The North's outgoing victims' commissioner Kathryn Stone has proposed a pension for everyone who was severely injured during the Troubles - an idea which has resurrected the controversy over who should be regarded as a victim.
Her paper, Dealing with the Past, is now in the hands of First Minister Peter Robinson and Deputy First Minister Martin McGuinness who must decide whether to follow up on her proposal.
Ms Stone, who is standing down next month, has also called for arrangements where apologies could be issued to all victims from those who perpetrated killings, maiming and injuries.
And in suggestions which are in line with the proposals contained in the stalled Richard Haass paper on how to deal with the past, parades and flags she also called for the formation of an Information Retrieval Commission and a Historical Investigations Unit.
Any apologies from representatives of groups such as the IRA, the UVF, the UDA and the British state would be dealt with through her proposed Acknowledgement Unit, which would come under the aegis of the British and Irish governments.
Ms Stone's paper comes as Dublin, London and Washington consider ways to get the Northern parties, particularly antagonistic unionist politicians, to re-engage with the Haass proposals sometime after the European and local elections towards the end of this month.
Under current legislation there is no distinction between paramilitaries who were killed during the Troubles and other victims. This is an issue which has particularly exercised unionists with the DUP seeking to change the legislation at Westminster to exclude former paramilitaries and their families.
Sinn Fein contend there "must be no hierarchy of victims" while the SDLP argues that the issue is complex and requires sensitive handling.
Ms Stone said that that while there “may be some dissenting voices, these recommendations represent real and practical actions that will meet the needs of victims and survivors as they have expressed them”.

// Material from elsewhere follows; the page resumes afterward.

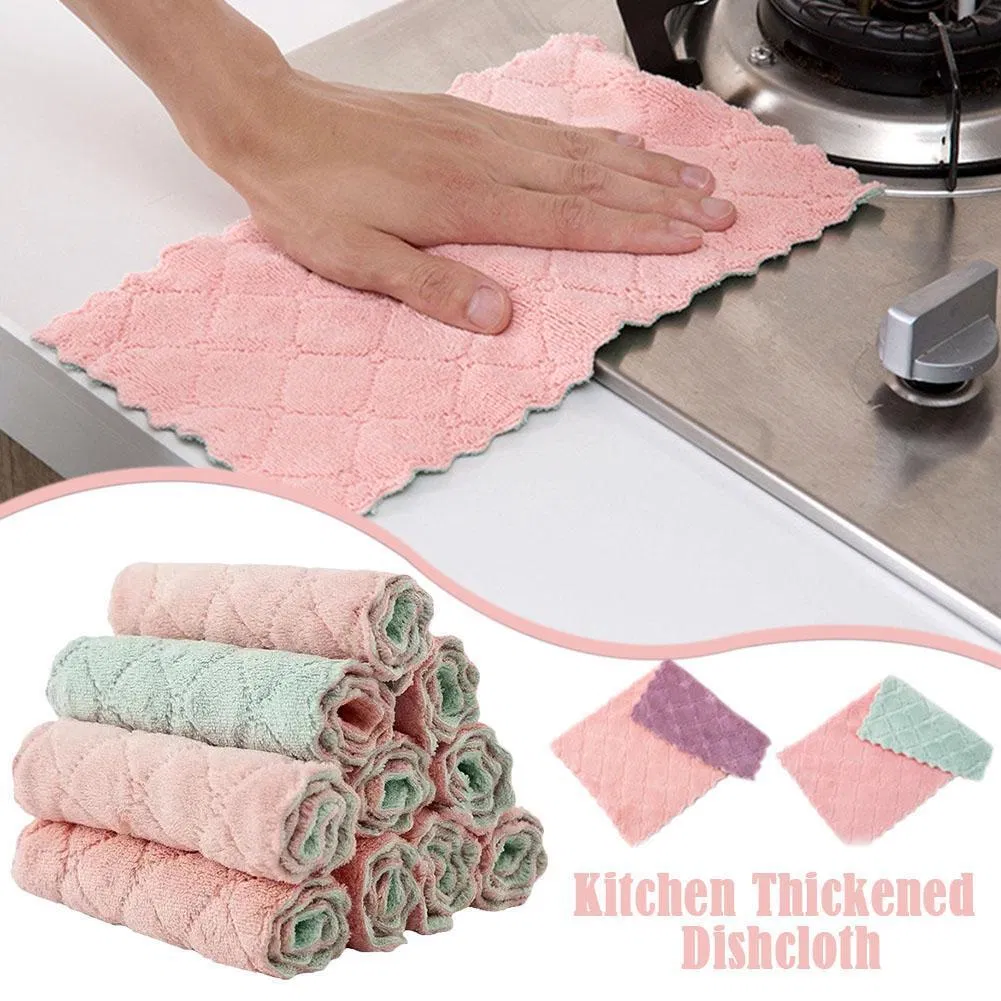 Absorbent Coral Fleece Microfiber Kitchen Dish Cloths Reusable Dish Cloth Towels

“I believe there is the political will to meet the needs of victims and survivors. That needs to be translated into action and that action must be now,” she urged.
The proposals have reawakened memories of the recommendation in the Eames-Bradley proposals on the past where the families of all those killed in the Troubles, including families of paramilitaries, would receive a £12,000 (€14,680) reconciliation payment - a proposal seen by some as wrecking any objective appraisal of those detailed proposals.
Ms Stone said the DUP First Minister and Sinn Fein Deputy First Minister, who in any case are divided on the issue, could set eligibility criteria for who should receive special pensions. Some unionist victims groups and politicians however spoke out against such payments.
Traditional Unionist Voice leader Jim Allister said there should be "no Provo pensions". Any proposed pension should exclude those injured while engaged in terrorism or carrying a relevant conviction, he said.
"There should be no question of those injured while carrying out acts of terrorism receiving a pension. The idea that terrorists injured while visiting death and destruction upon others should receive a payout from the state rightly appalled innocent victims the length and breadth of Northern Ireland when it was suggested in Eames-Bradley," added Mr Allister.
“There can be no Provo pension for Shankill bomber Seán Kelly. He’s a victim maker. Not a victim,” he said.
Kenny Donaldson, of the unionist umbrella victims group, Innocent Victims United, said he would study the document in detail but added that it was "warped and deeply miscalculated" in offering pensions to "perpetrators".
He said the acknowledgements unit proposed would have “zero credibility” unless there was universal acceptance that “the use of violence in the furtherance of a so-called political objective is not and was not ever justified”.
Victims campaigner William Frazer there was a concerted attempt to "revamp and promote the failed" Eames-Bradley report.